■ **WHAT IS EXPECTED**
A verbatim copy of the full data, with no pictures, is the expected answer.

■ **AVAILABLE DATA**
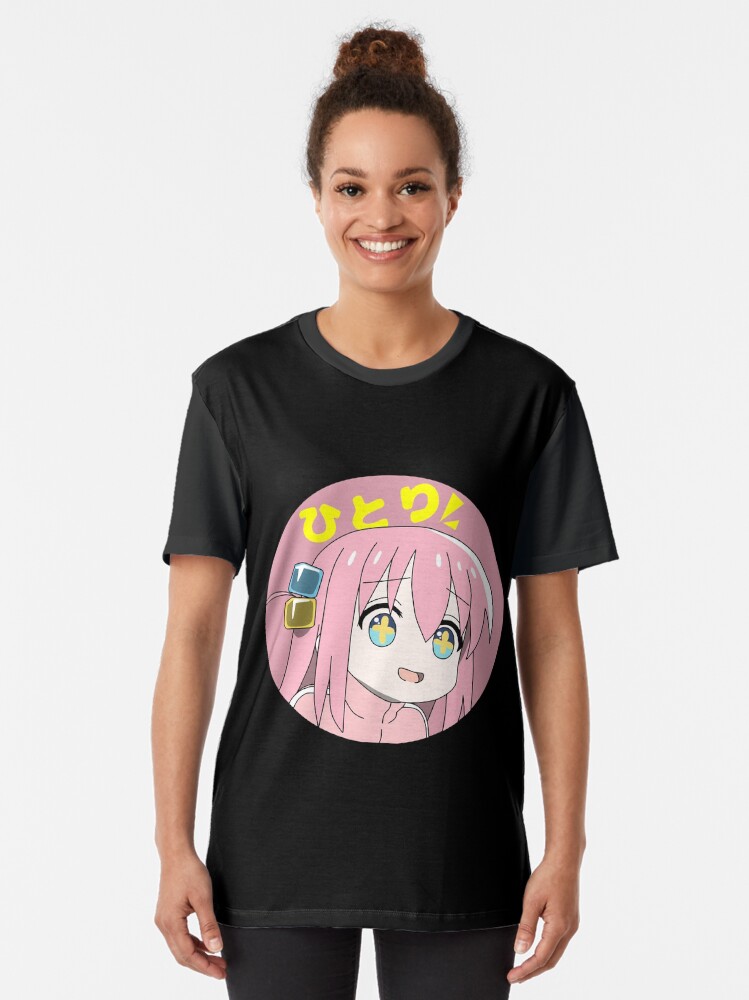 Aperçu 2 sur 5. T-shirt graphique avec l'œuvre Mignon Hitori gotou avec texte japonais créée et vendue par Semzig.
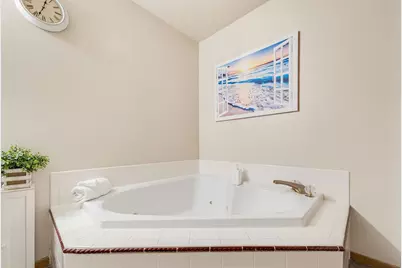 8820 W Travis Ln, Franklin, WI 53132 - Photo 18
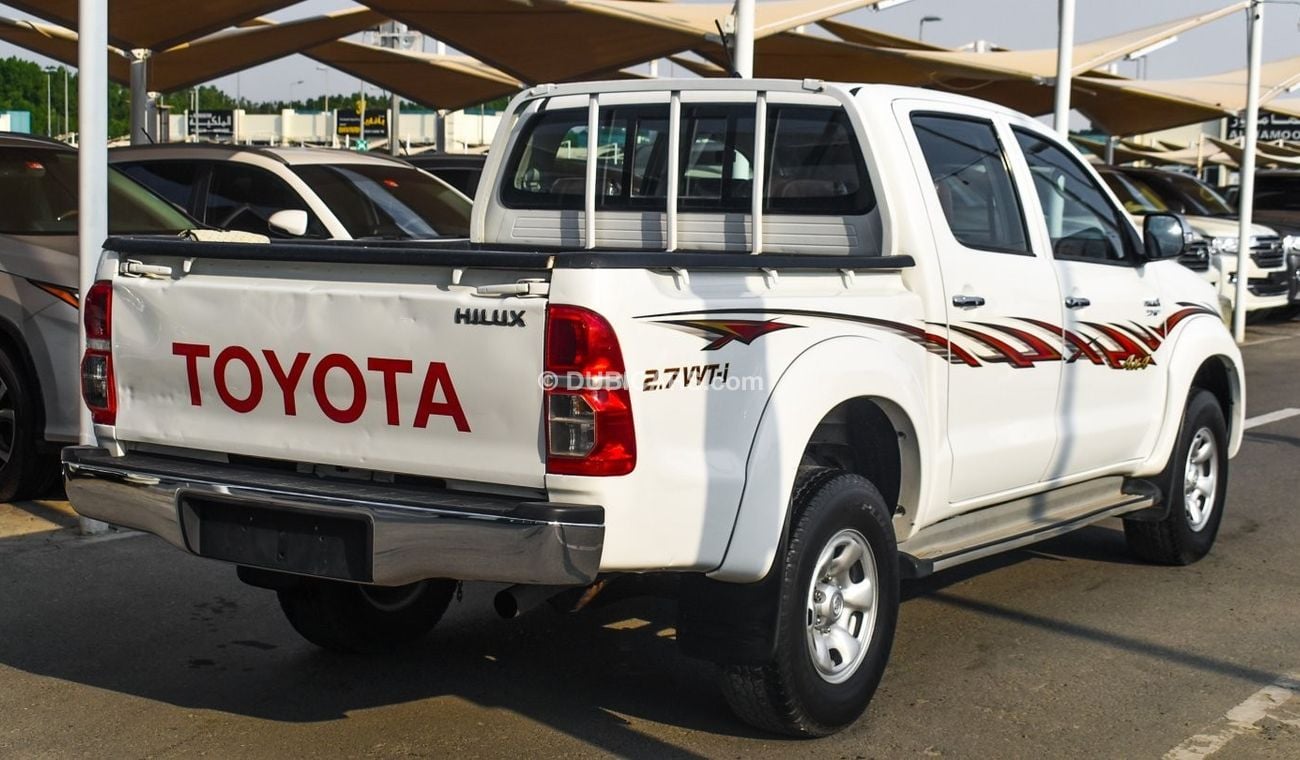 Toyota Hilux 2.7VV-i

■ **RESULT OF THE EXERCISE**
 Aperçu 2 sur 5. T-shirt graphique avec l'œuvre Mignon Hitori gotou avec texte japonais créée et vendue par Semzig.
 8820 W Travis Ln, Franklin, WI 53132 - Photo 18
 Toyota Hilux 2.7VV-i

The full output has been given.